Decorating the tree before Christmas is a family affair. We put a Christmas record on the record player, my husband arranges the lights and helps me decorate the top, the children place unbreakable ornaments on the lower branches. As we hang up various elves and angels, balls, and stars, I'm less aware of a particular ornament's individuality or history than of the way it contributes to the total effect of the tree. We talk about where the ornaments should be placed, the smaller ones up high, not too many angels or red balls clumped all together.
Taking the tree down, however, is a job that has always fallen to me. The house is usually quiet, and as I remove each ornament and dust it with a tissue as my mother taught me (``so it will still be shiny next year'') I find myself thinking about each figure in a way that I haven't had time for in the rush of Christmas preparations.
The ornaments after Christmas are a little like Proust's Madeline, evoking memories of the past. Many of the figures which now decorate our tree hung on my family's Christmas tree when I was growing up. Some of these my own mother had when she was a girl - delicate painted birds with feathery tails, long glass icicles, tiny silver and blue balls. I carefully wrap the most fragile of these and lay them on the piano to be put in boxes later.
I remove two Santas and a gingerbread man, and then take down a large green ball hanging from an inconspicuous branch, an ornament no one but me could love. Over the years the ball has lost its shine, and one can now only just make out the name ``Snuff'' written in silvery letters across the middle. Snuff was a black cocker spaniel, our family dog when I was growing up. I hardly ever think of him except when I am dusting off his ornament and he seems to bound again out of my childhood.
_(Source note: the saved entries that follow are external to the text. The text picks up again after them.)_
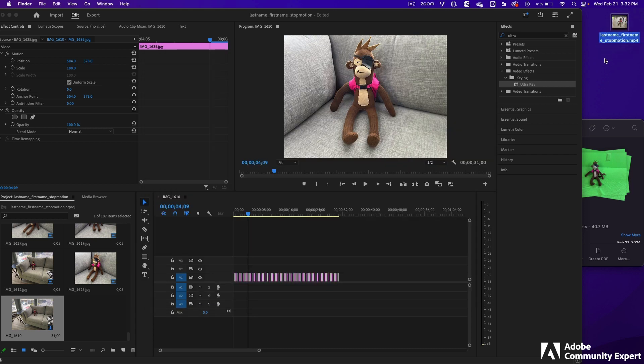If you'd like to add music to it, we'll bring this file into Rush, where Rush has music we can add to it. This lesson will continue in the next video.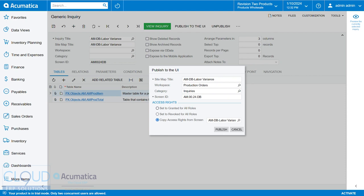So over here, I can either give this right to all roles, make it revoked for all roles and then maybe tune it and tweak it for specific roles later, or copy access rights from an existing screen. So here, I can pick any screen I want that I know a group of users have, and I can essentially give this new screen the same rights that an existing screen has.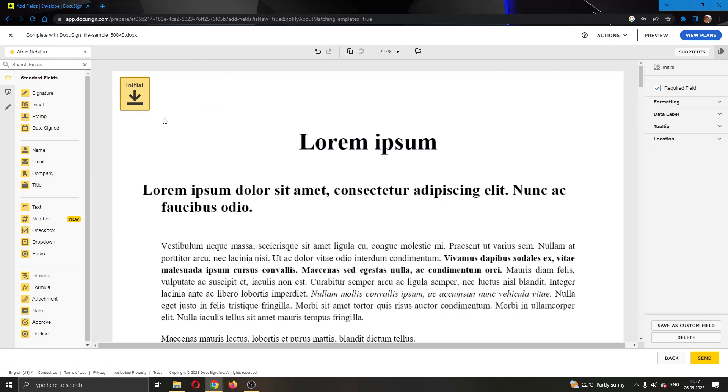So basically that is how you put an initial on every page. I hope this video was helpful. If it was, make sure to leave a like and subscribe to the channel. Thank you for watching, take care and bye.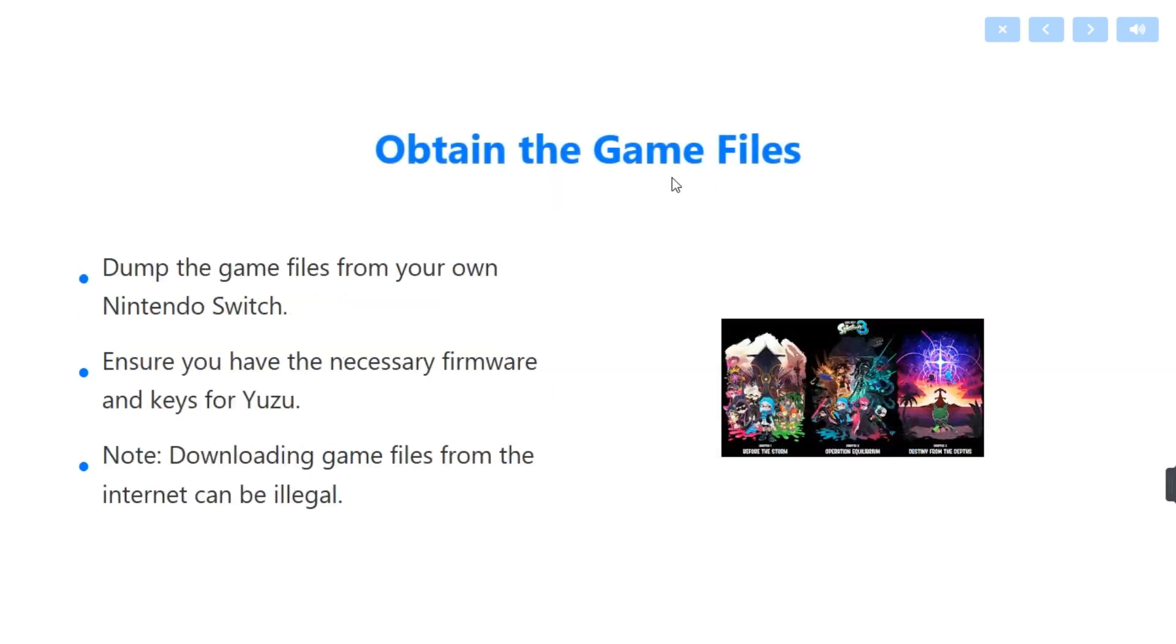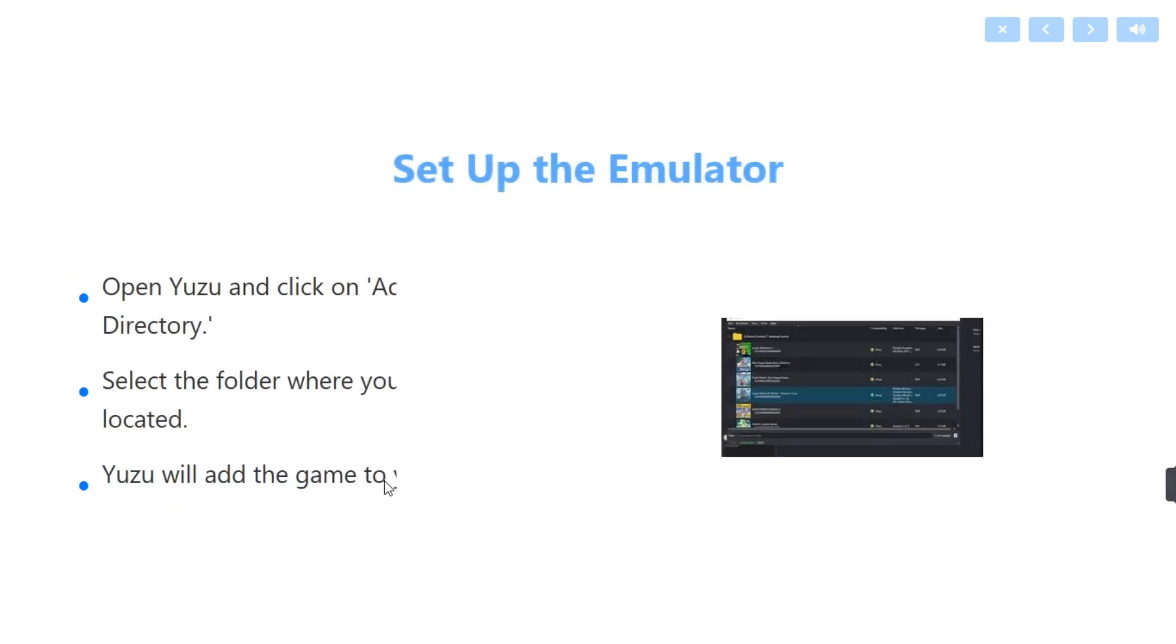After that, you have to obtain the game files. Dump the game files from your own Nintendo Switch. Ensure you have the necessary firmware and keys for Yuzu. Note: downloading game files from the internet can be illegal.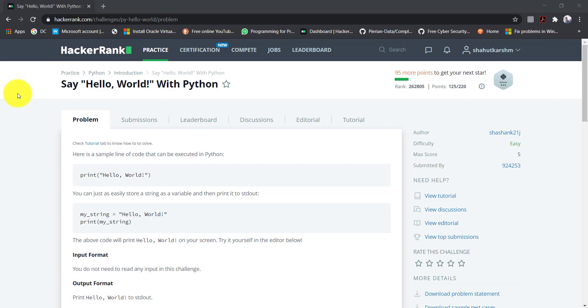In this series of videos, I am going to solve HackerRank Python challenges. The very first challenge is Say Hello World with Python.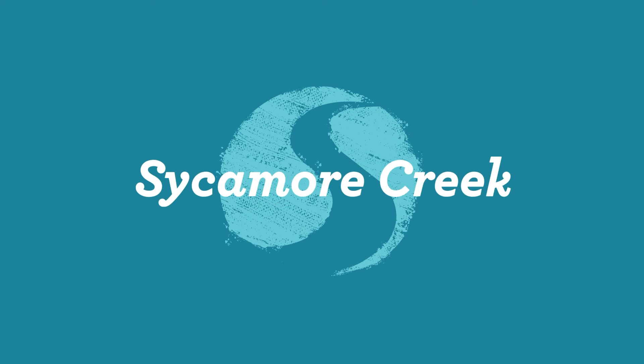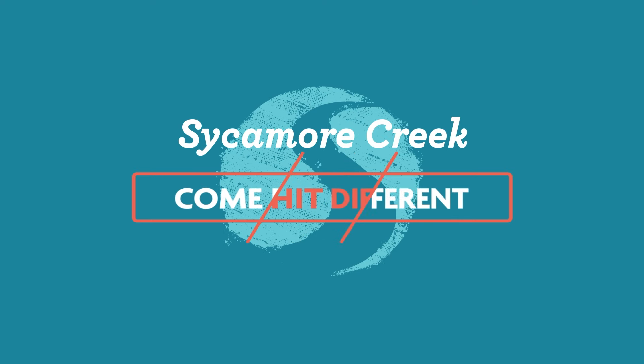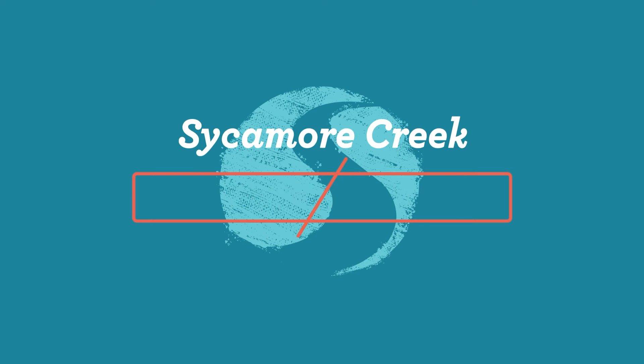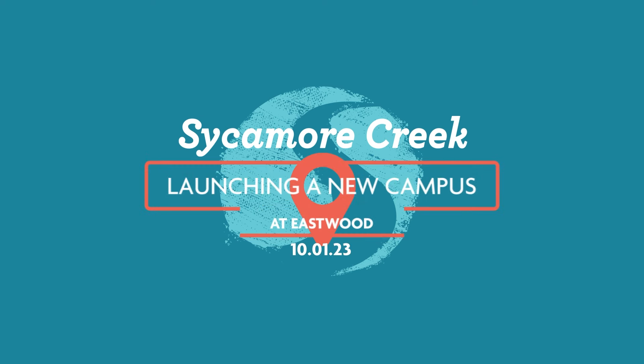Sycamore Creek. We hit different, so come hit different with us. Sycamore Creek is launching our new Eastwood campus on October 1st, Sundays at 10:30 a.m.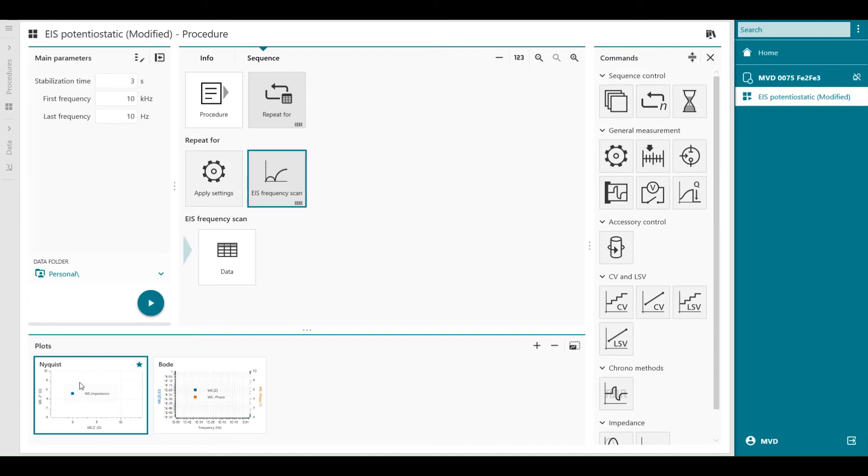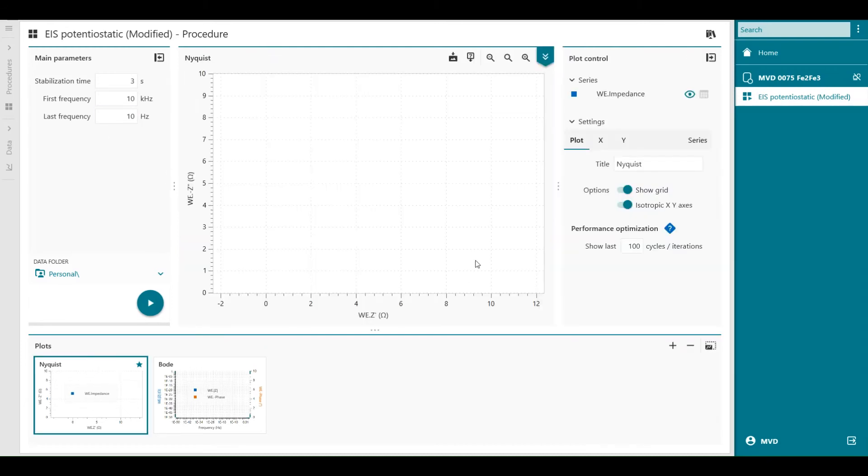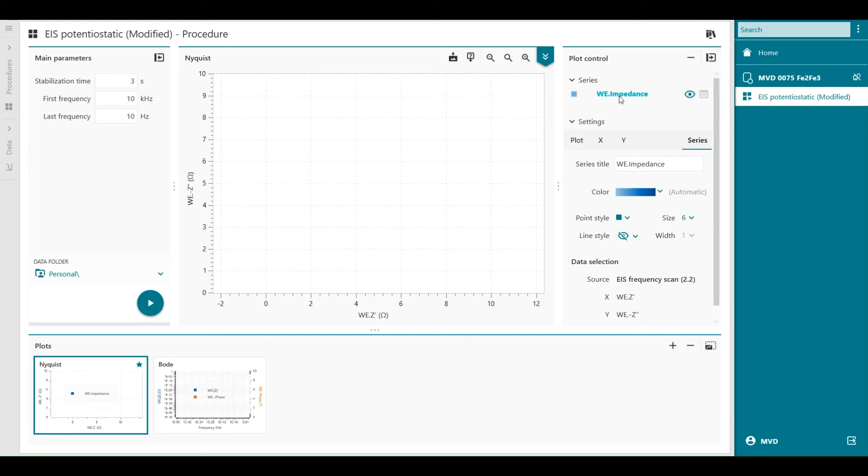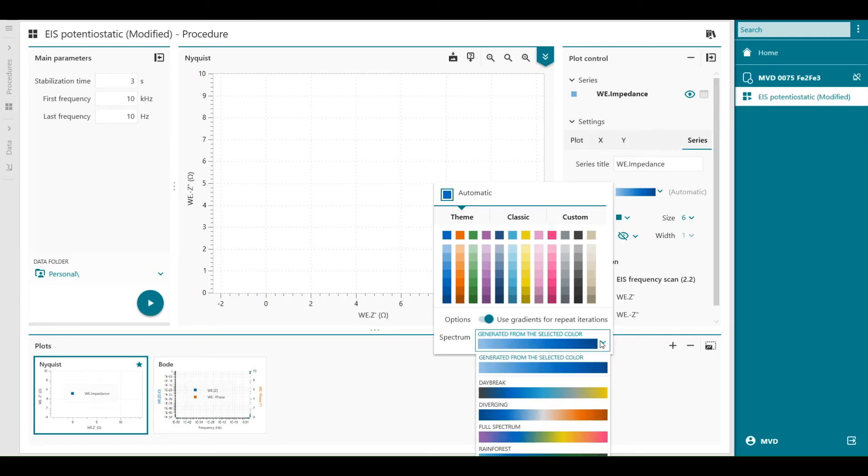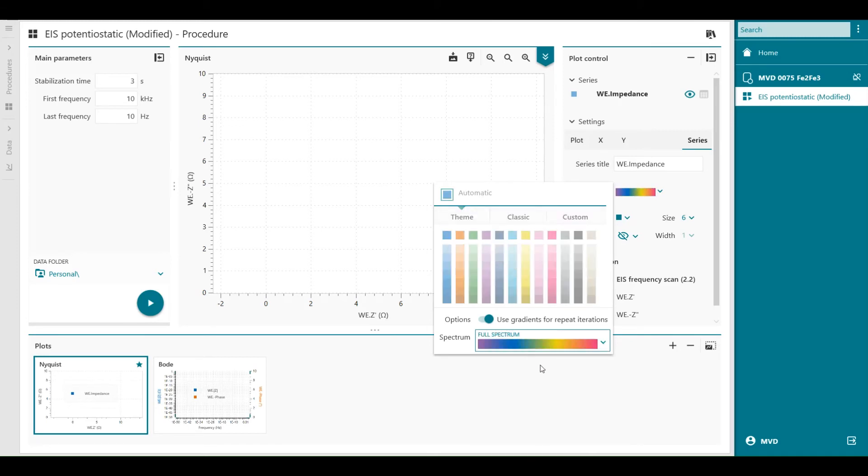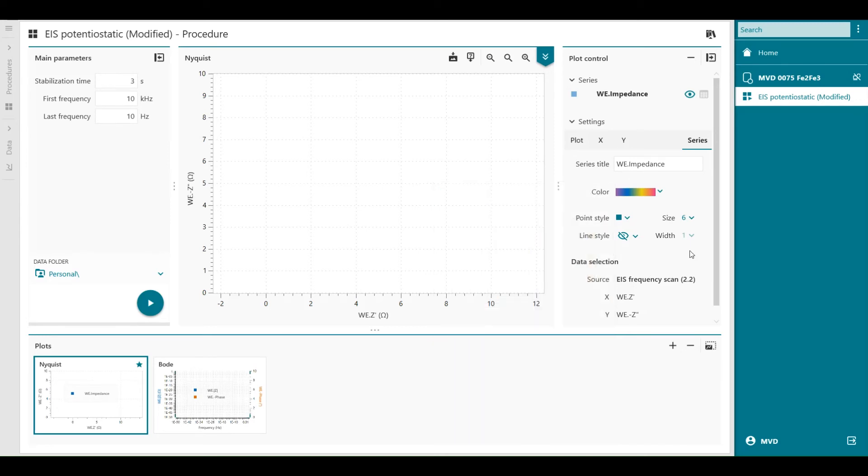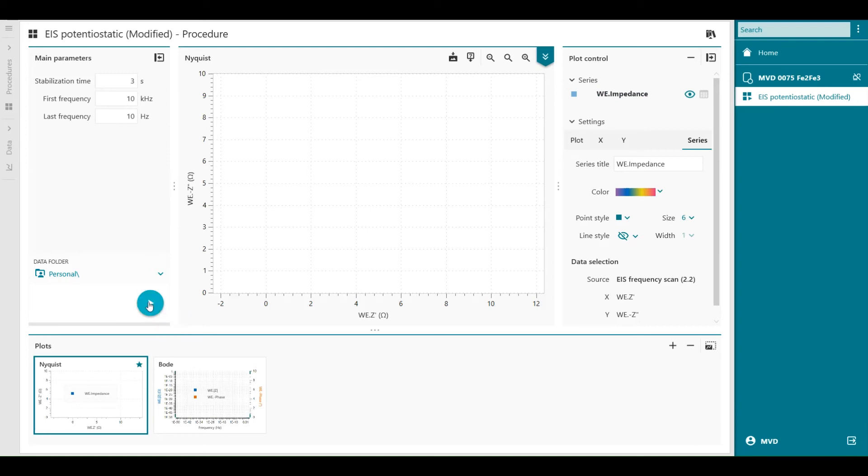And I can modify the plot. Because I want to see after each repeat a different color of my Nyquist plot for example. So I press impedance and I'm going to use the full spectrum of my color gradients. My procedure is set. The values are in the table. The links are created. Colors are changed. And now my procedure is available. So I can press start.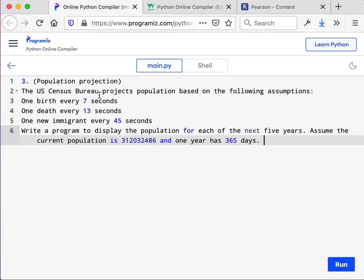So population projection. The U.S. Census Bureau projects population based on the following assumptions: one birth every seven seconds, one death every 13 seconds, one new immigrant every 45 seconds.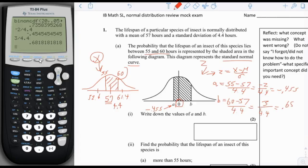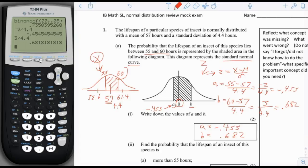Remember, we want to keep three significant figures. So write down: a equals negative 0.455, b equals positive 0.682. Looking at the drawing, that makes sense because the a value is slightly to the left of 0 and closer to 0 than to negative 1, and b is closer to 1 than to 0.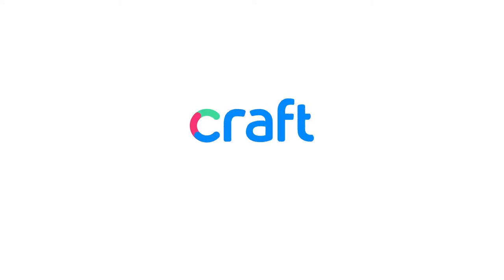Hey there, I'm David from Craft, and I wanted to talk you through one of our most loved features, story mapping.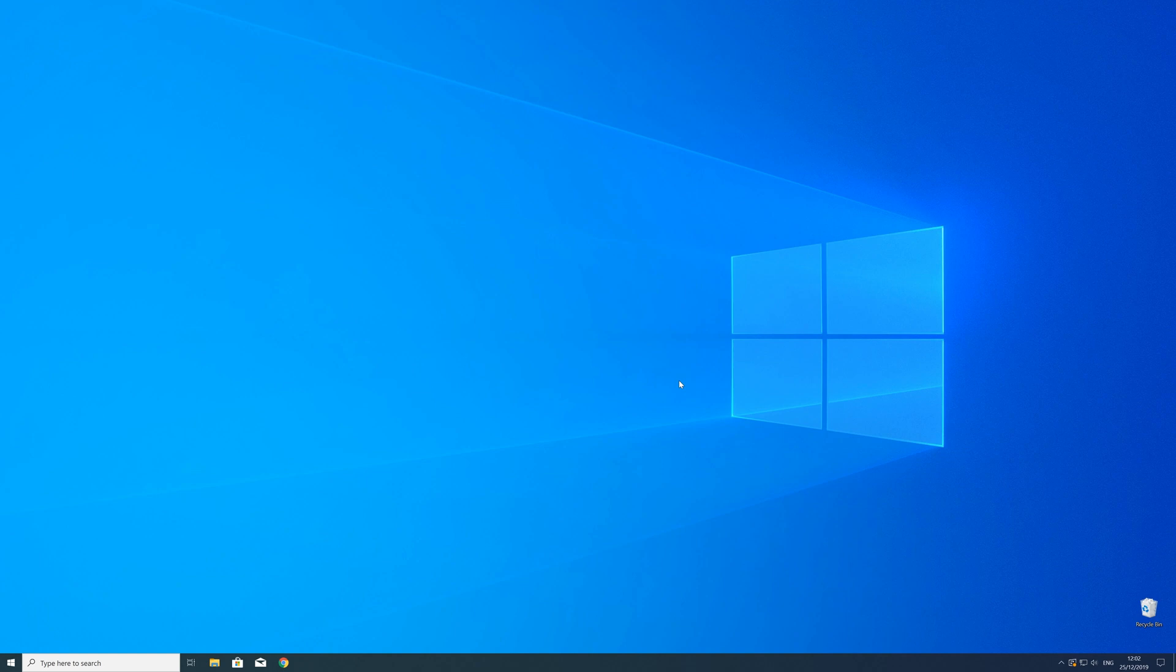After the restart of your operating system you should be able to play the game or use the program that you wanted to play or use. But in some cases the program just doesn't want to recognize the DLL.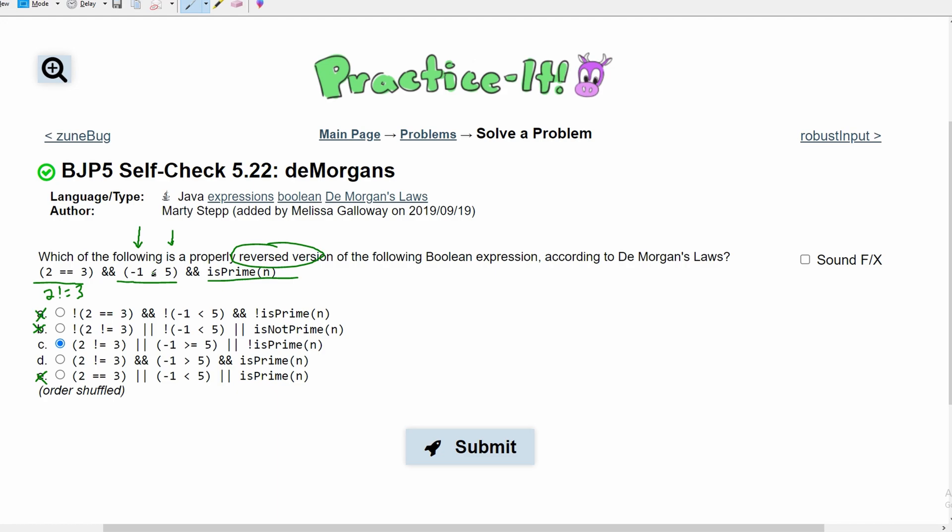But if we flip this, that means that this left side would have to include this number. So instead of looking just like negative 1 has to be greater than 5, we're going to also have negative 1 is greater than or equal to 5. That means only C can be our correct answer.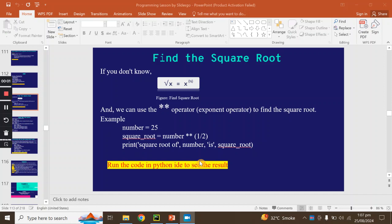Assalamualaikum. Today we will find a square root in Python. We will find a proper way to find a square root. First of all, we will cover the theory.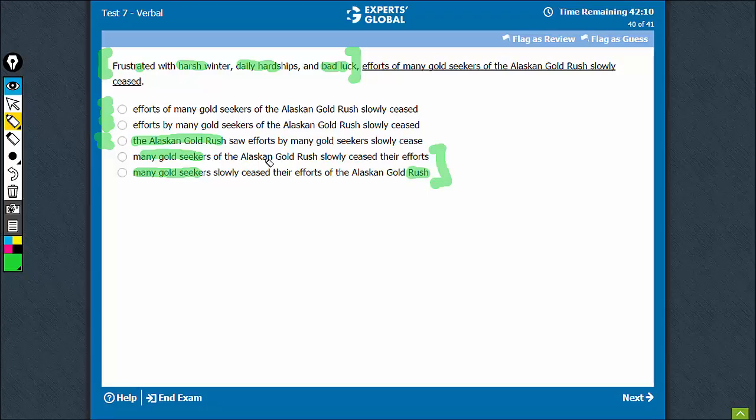And therefore, something like 'the seekers of the gold rush slowly seized their efforts' - D is a better choice.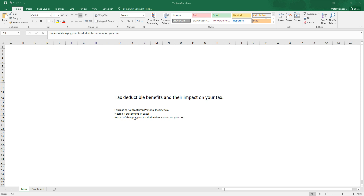We'll be using nested IF statements in Excel, and another addition I wanted to put in is the tax deductible stuff you might get month to month and how that affects your tax. For instance, I've got a food card at work and that's tax deductible. If I increase the value of that food card, it comes off my salary and my tax decreases. You'll be able to create scenarios and see how changing your tax deductible expense affects your income at the end of the month. Let's get into it.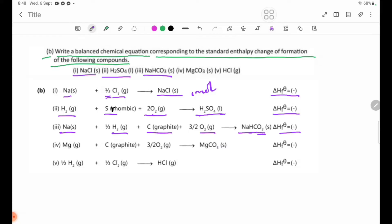Number 4: MgCO₃. The elements are Mg solid plus carbon graphite plus O₂ gas. Delta H theta F is negative.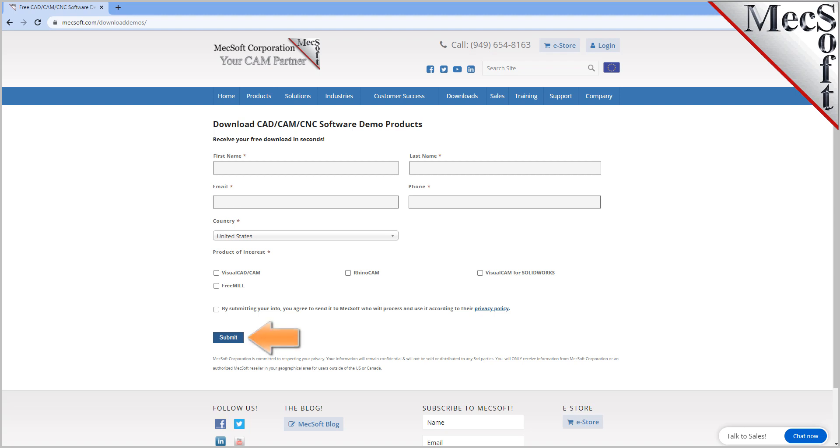When you click the submit button, Mechsoft will automatically send you an email with a link to download FreeMill. If you do not receive this email within a minute or so, check your spam inbox.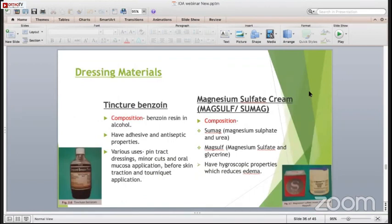Tinctured benzoin is benzoin resin in alcohol. It has adhesive and antiseptic properties. Its various uses are for pin-tract dressings, minor cuts, oral mucosa application, before skin traction, and tonic application. I always ask my residents to put tinctured benzoin swab around the pin tract so there are no chances of infection.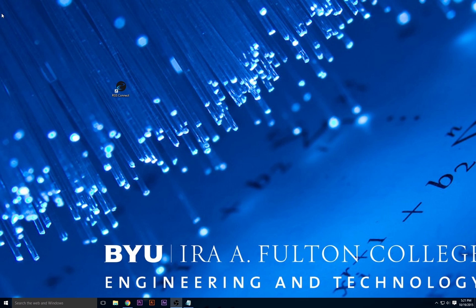To learn more about RGS Connect and other CADEM services, just visit our website, kadem.et.byu.edu.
After I put these ornaments away, I remove figures that evoke the more recent past - a barn from the year my husband and I lived out in the country, a cable car from one of the years we were in San Francisco, two small sleds with 1980 and 1983 written on them, the years our son and daughter were born. There are six silver snowflakes which my grandmother, who loved beautiful things, gave me one Christmas, and three cloth angels with filigree wings. There are the straw stars and wooden elves which I bought one year at the N"ornberg Christmas market in West Germany, and a tiny basket of violets molded of wax that my husband's landlady in Munich gave him the Christmas he lived with her.